Título: Por que Ciro voltou à lista de ministeriáveis
Autor:
Fonte: Valor Econômico, 14/12/2010, Opinião, p. A12

Pelo comportamento pregresso do deputado Ciro Gomes (PSB), o convite feito por Dilma Rousseff para que o político cearense (com domicílio eleitoral em São Paulo) ocupe uma vaga em seu ministério pode parecer um mero engolir de sapos para acomodar interesses da ampla aliança que deu sustentação à sua candidatura. Não é bem assim. Dilma teria mais razões para mantê-lo fora do governo do que tê-lo como auxiliar, se a intenção fosse simplesmente deixar seus aliados felizes. Se quer Ciro no seu governo, é por razões que superam a simples negociação com os partidos de sua base.

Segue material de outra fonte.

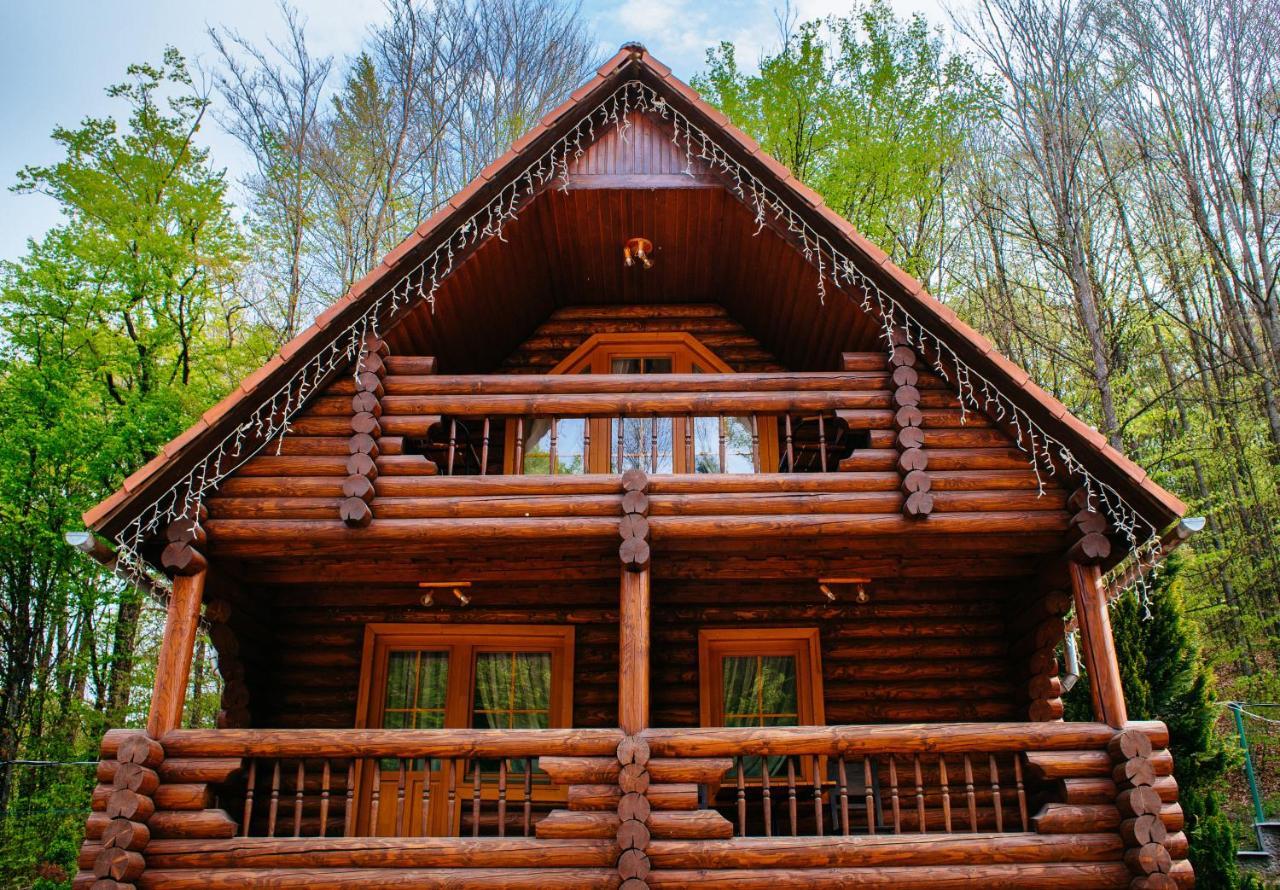 Toursit Complex Polyana Kvasova Hotel Exterior photo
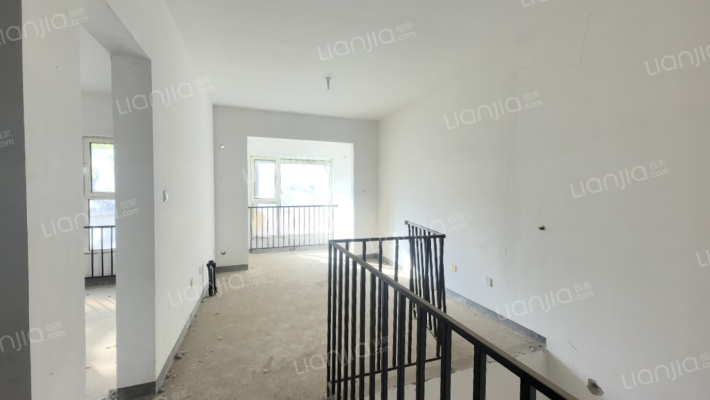 K2狮子城北区 4室2厅 南-客厅B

Ciro tentou viabilizar sua candidatura a presidente pelo PSB, no início do ano, com um discurso fortemente crítico ao PMDB, principal aliado de Dilma, partido que obteve na coligação nada menos do que a vice-presidência, ocupada pelo deputado Michel Temer. Um dos vídeos mais vistos na internet, quando a presidente eleita incorporou Ciro à coordenação de sua campanha, entre o primeiro e o segundo turnos da eleição presidencial, foi uma entrevista que o deputado deu à RedeTV, em abril, em que chama o PMDB de "ajuntamento de assaltantes" e o seu presidente, Michel Temer, de "chefe da quadrilha". Não economizou críticas ao PT do presidente Luiz Inácio Lula da Silva, que teve o partido de Temer como o maior aliado em seu segundo mandato. A seu ver, era inevitável uma contaminação ética de um governo que não escolhia bem suas companhias.

Em suas andanças, Ciro elegeu o PMDB como o inimigo público número um da democracia brasileira. Em outubro, sua incorporação oficial à coordenação de campanha de Dilma, para reforçar a campanha da candidata no Nordeste, causou profundo mal-estar nos aliados pemedebistas da candidata.

Lembrados todos esses fatos, seria difícil apostar na incorporação de Ciro Gomes ao ministério da presidente eleita. E não se pode falar que Ciro tenha "operado" em seu próprio favor: depois das eleições, ele viajou e deixou o PSB avisado que não pleiteava um ministério.

Na semana passada, foi a própria Dilma que recolocou o nome de Ciro Gomes na mesa. O PSB já tinha alguém indicado para o Ministério da Integração Nacional, o pernambucano Fernando Bezerra Monteiro, secretário do governador Eduardo Campos. A presidente eleita propôs deslocar Monteiro para o Ministério dos Portos e Aeroportos, se Ciro aceitasse o convite para integrar o seu ministério. O PSB cedeu. Estar no governo Dilma ou não, agora, é uma decisão pessoal de Ciro Gomes, que não se candidatou a nenhum cargo nestas eleições.

Se Dilma enfrentou seu maior aliado para convidar Ciro, razões certamente existem. Ele já foi ministro daquela pasta - e era considerado um bom ministro, e comprometido com a transposição do Rio São Francisco, projeto que encontra grandes resistências. Foi absolutamente discreto e leal ao presidente Lula no primeiro mandato, na condição de integrante do governo. É mais cômodo tê-lo no governo do que fora dele.

Mais do que isso, a presença de Ciro pode servir como um freio ao próprio PMDB dentro do governo petista. A vitória de Dilma certamente teve a grande contribuição do tempo de horário eleitoral gratuito do PMDB, o seu vice é pemedebista, mas como uma das principais ministras do presidente Lula no segundo mandato, ela sabe o preço que o aliado cobra. Um ministro ofensivo do outro lado pode ser uma aposta num "controle interno" do partido de Temer.

Além de tudo isso, Ciro Gomes sem mandato e sem compromisso com o governo torna-se um alvo fácil de novas articulações partidárias, que certamente prosperarão se o ex-governador e senador eleito Aécio Neves (MG) não encontrar espaço no PSDB. O deputado do Ceará, durante sua curta pré-candidatura à Presidência, pregou uma aproximação com políticos do PSDB contrários ao candidato José Serra, que pudessem neutralizar o poder de chantagem do PMDB. O sonho de consumo de Ciro sempre foi um governo que incorporasse o apoio dos setores que ele considera mais consequentes politicamente e menos fisiológicos, e não precise contar com o PMDB para manter a governabilidade.

Ciro não foi uma imposição do PSB à Dilma Rousseff, mas uma escolha da presidente eleita. É um quadro político de peso, num ministério que vem confirmando ministros que já estavam nos seus cargos ou políticos de menor expressão do que ele.